Question

what's the difference between mapping PE fastqs to genome and to specified target region?

0

Entering edit mode

8.1 years ago

winter_li ▴ 60

Hi,

I built a new reference with a gene sequence.

Step 1: Using PE fastqs to map complete genome (hg19)

Step 2: Using PE fastqs to map part genome sequence ,eg: gene region

What 's the difference between Step 1 and Step 2 ? I wanna use bwa mem way.

Best

genome sequence alignment gene • 1.4k views

ADD COMMENT • link updated 8.1 years ago by Manu Prestat 4.1k • written 8.1 years ago by winter_li ▴ 60

score 1 · Answer 1 · 2016-03-30

It depends if your gene has a pseudogene - in that case mapping to human genome is more correct, otherwise your all reads (for gene and pseudogene) will be mapped to your specified region. If your next step include variant detection, step2 will produce a lot of mistakes (false positives). It also depends how much pseudogene differ from gene - if the difference is small, also mapping to human genome can be wrong.
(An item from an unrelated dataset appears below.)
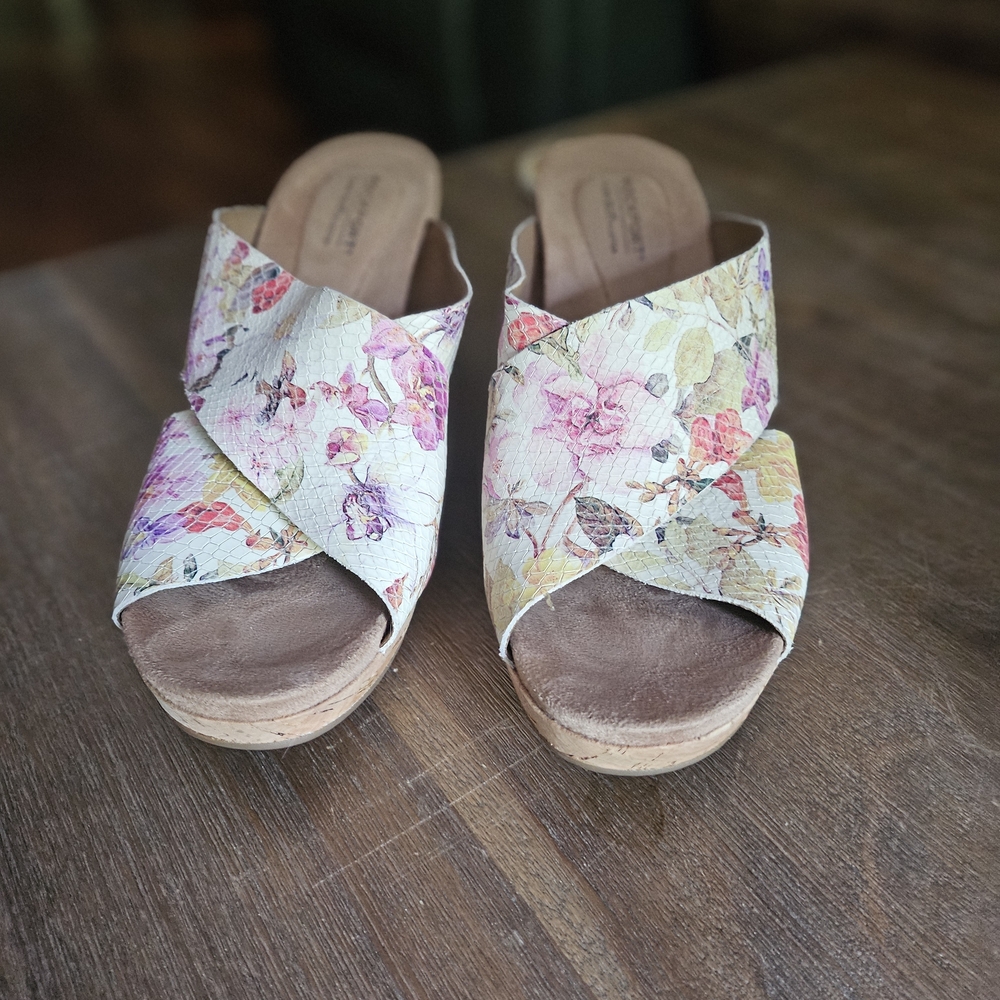 Rockport Cream Mules with Cushioned Footbed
Best, Agata

score 0 · Answer 2 · 2016-03-30

Option 1: whole genome mapping is obviously slower, but it is more accurate as the reads will map onto the most similar region it finds.

Option 2: a way faster, but may provide wrong results (i.e. reads of a sequence originated from an other part of the genome).

It really depends on how was designed the sample preparation step, but if you can afford the whole genome mapping in terms of duration, I would recommend this option strongly to avoid false positive findings.